В чём разница между памятью и беспамятством?

on суббота, 1 мая 2010 г.

Чемоданы цвета пепла


Жители Мюнхена поименно вспоминают соседей, которых убили нацисты


Берта Йордан… Бернард и Магдалена Гольдшмидты… Антон Райтлингер…

Давид и Наталья Майеры... Симон Бергер... Они были нашими соседями. Жили в Мюнхене.

А убивали их в Треблинке, Аушвице, Дахау…

20 ноября 1941 года 996 мюнхенских евреев были депортированы в Каунас и убиты там… Через четыре дня после того, как последний раз из окошек равнодушных вагонов видели родной Мюнхен. Я знала об этом. На Marienplatz, центральной площади столицы Баварии, при входе в Новую ратушу, там, где работает обер-бургомистр и заседает городской совет, есть мемориальная доска — в память о тех трагических днях. Мимо не пройдешь. И не забудешь…

Не знала я только имен… Биографий… Деталей… Из которых, собственно, и складывается жизнь. Теплая, полнокровная жизнь людей, которые ходили в школу и на работу, делали покупки в магазинах, любили, плакали и смеялись, — всё, как их друзья и соседи. До 1933 года… Когда постепенно, шаг за шагом, начало сужаться жизненное пространство.

Конечно, они были виноваты! Ведь они были евреями. И поэтому им сначала запретили иметь животных, потом — ездить на велосипеде, сидеть на скамейках в общественных парках, заходить в магазины, на которых уже висели таблички — «только для немцев».

Дальше мы знаем… И даже уже почти спокойно произносим: изгнаны отовсюду, подвергнуты лишениям, ограблены и убиты.

Они жили в обычных домах, рядом с другими людьми. Они были чьими-то друзьями и соседями. Они были! А от некоторых из них не осталось даже фотографий. Лишь циничная запись в классически аккуратных бумагах немецкой полиции: «nach unbekannt abgewandert». Выбыли в неизвестном направлении.

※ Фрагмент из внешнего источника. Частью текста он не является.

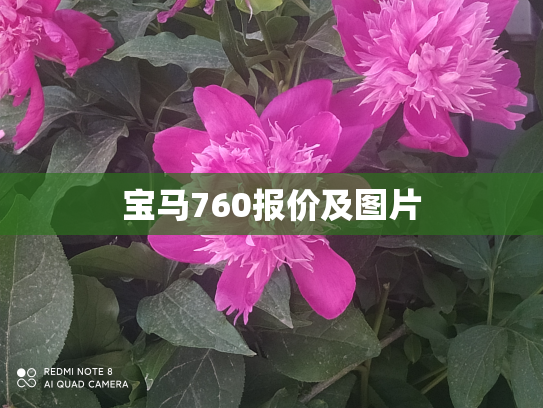 宝马760报价及图片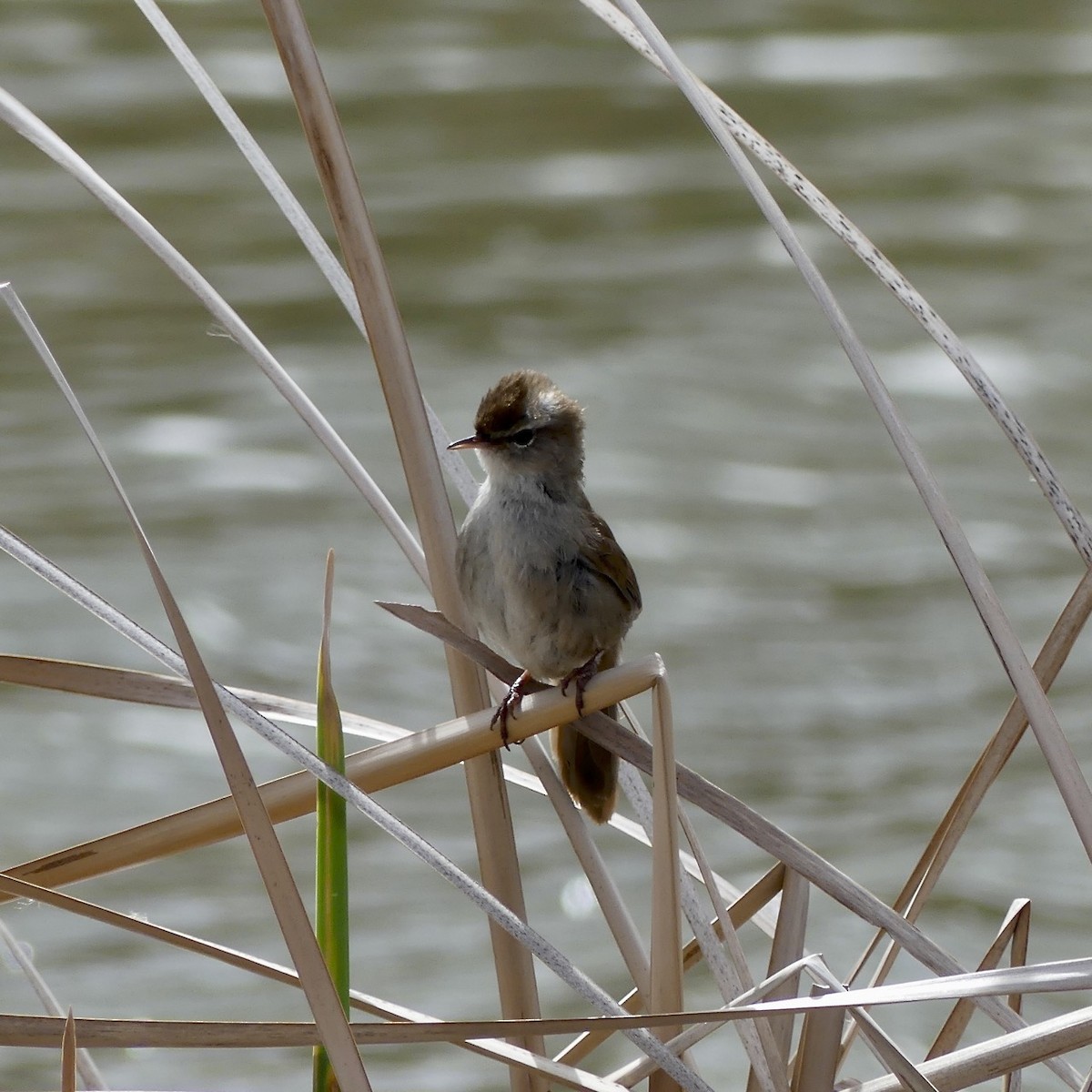 Cetti's Warbler - ML93665321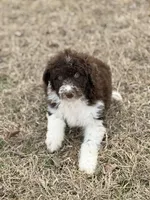 Milo 💙, a male Aussiedoodle for sale in Clayton, NC – Photo 9 of 9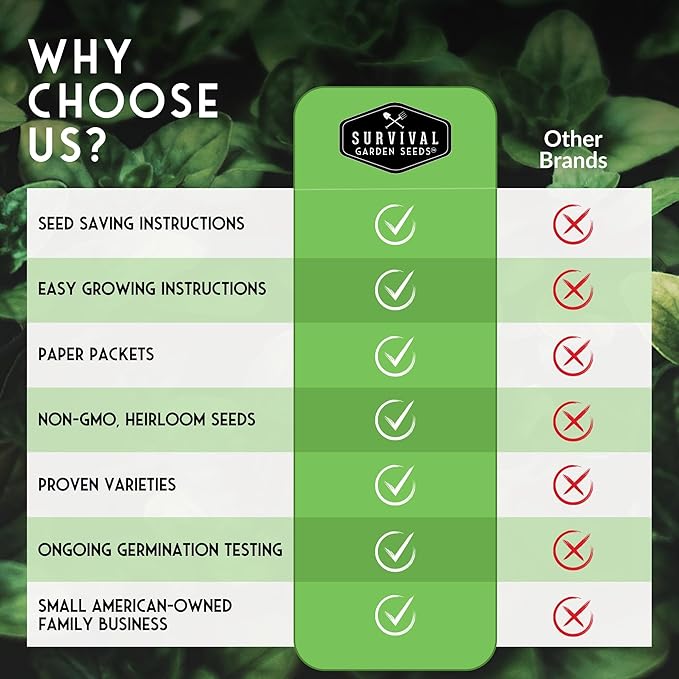Scarlet Kale Seeds for Planting – Heirloom Purple Kale – Cold Hardy for Fall & Spring Vegetable Gardens – Crimson-Red Curly Leaves, Edible Garden Greens – Survival Garden Seeds (2 Packs)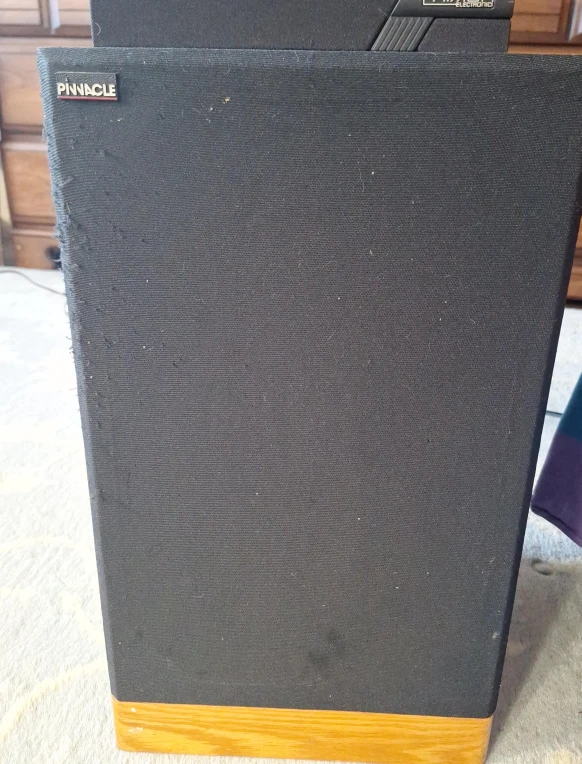 2 Pinnacle PN8+ Speakers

Бесполезно говорить общие слова о памяти. И страшно, что она обрывается.

Круглые даты, официальные речи, равнодушные лица… Это все — не память. Имитация.

А недавно я увидела в Мюнхене странную группу людей. Их было довольно много. Они шли от дома к дому, останавливались, молчали, слушали. К ним подходили другие люди. Старые, молодые. С детьми на руках. На велосипедах подъезжали. На машинах. И оставались рядом. И тоже — молчали, слушали. Играла печальная музыка.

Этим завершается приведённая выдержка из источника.